JTP’s appointment should ensure a holistic vision to guide future development towards creating a cohesive, vibrant centre for the whole community.
The process is due to be launched and publicised in October.
JTP are masters of participatory planning, i.e. involving residents and businesses from the outset and producing results that not only meet but exceed expectations.
You only have to look at their plan for the proposed redevelopment of Nicholsons drawn up following their consultative weekend in March.
This incorporated all the ideas and wishes raised by members of the public during the consultation workshops and took them to another level of imaginative placemaking in a concept reminiscent of Brighton’s Lanes.
The Civic Society is an ardent advocate of community engagement in planning.

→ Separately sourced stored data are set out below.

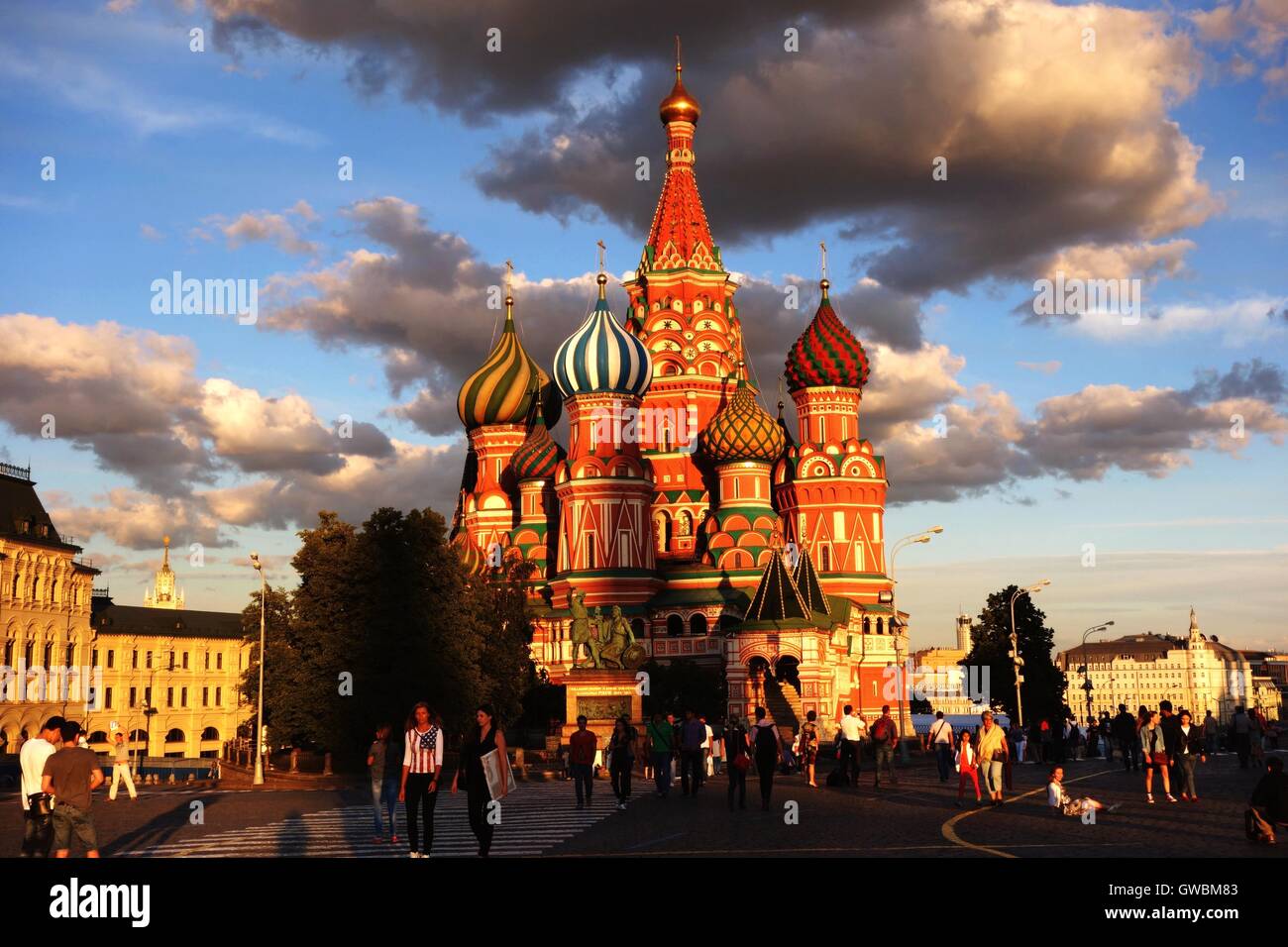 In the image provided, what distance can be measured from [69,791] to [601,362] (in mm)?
64132

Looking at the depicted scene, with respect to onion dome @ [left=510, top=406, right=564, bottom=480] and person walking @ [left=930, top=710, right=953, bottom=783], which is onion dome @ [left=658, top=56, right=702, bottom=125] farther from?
person walking @ [left=930, top=710, right=953, bottom=783]

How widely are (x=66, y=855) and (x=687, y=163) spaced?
7964cm

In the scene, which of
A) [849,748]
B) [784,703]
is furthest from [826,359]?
[849,748]

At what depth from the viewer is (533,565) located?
3076 inches

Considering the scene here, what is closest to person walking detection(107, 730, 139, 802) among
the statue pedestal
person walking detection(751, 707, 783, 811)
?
person walking detection(751, 707, 783, 811)

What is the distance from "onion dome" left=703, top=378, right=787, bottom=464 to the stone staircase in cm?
1911

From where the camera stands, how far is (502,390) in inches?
3484

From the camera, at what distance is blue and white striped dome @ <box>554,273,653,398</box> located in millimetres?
78000

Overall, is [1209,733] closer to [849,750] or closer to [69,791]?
[849,750]

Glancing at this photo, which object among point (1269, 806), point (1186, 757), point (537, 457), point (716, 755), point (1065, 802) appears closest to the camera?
point (1269, 806)

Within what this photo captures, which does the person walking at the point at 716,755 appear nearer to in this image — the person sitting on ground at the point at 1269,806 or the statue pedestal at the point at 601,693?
the statue pedestal at the point at 601,693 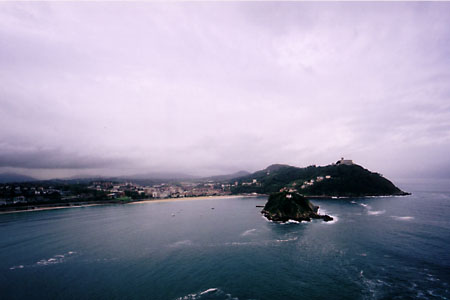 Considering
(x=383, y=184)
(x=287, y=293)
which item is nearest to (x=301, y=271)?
(x=287, y=293)

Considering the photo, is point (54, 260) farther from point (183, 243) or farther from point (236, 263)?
point (236, 263)

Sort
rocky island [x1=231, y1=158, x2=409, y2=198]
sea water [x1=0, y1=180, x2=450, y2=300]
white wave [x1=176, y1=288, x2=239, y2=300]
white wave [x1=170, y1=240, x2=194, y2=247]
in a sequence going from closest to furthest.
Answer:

We were instrumental in the formation of the Partnership for the Rejuvenation of Maidenhead (PRoM), now disbanded, which drew up the Town Centre Area Action Plan, adopted in 2011.
We would urge everyone – and especially those who don’t regularly use the town centre – to keep an eye open for the start of the consultative process next month and have your say.
We are also delighted that JTP’s Partner-in-Charge of participatory planning, Charles Campion, will be coming to speak at our AGM on November 20 in the Methodist Church Hall at 8pm.
BOB DULSON
Chairman
Maidenhead Civic Society
Councillor Dudley has left a ‘wake of chaos’
I was overjoyed to see that Simon Dudley has resigned from his post as leader of the Royal Borough council.
Cllr Dudley has left a wake of chaos across the borough, bungling a range of initiatives that can finally be mended.
This is a dawn, a bright spot of hope in the darkness for our borough.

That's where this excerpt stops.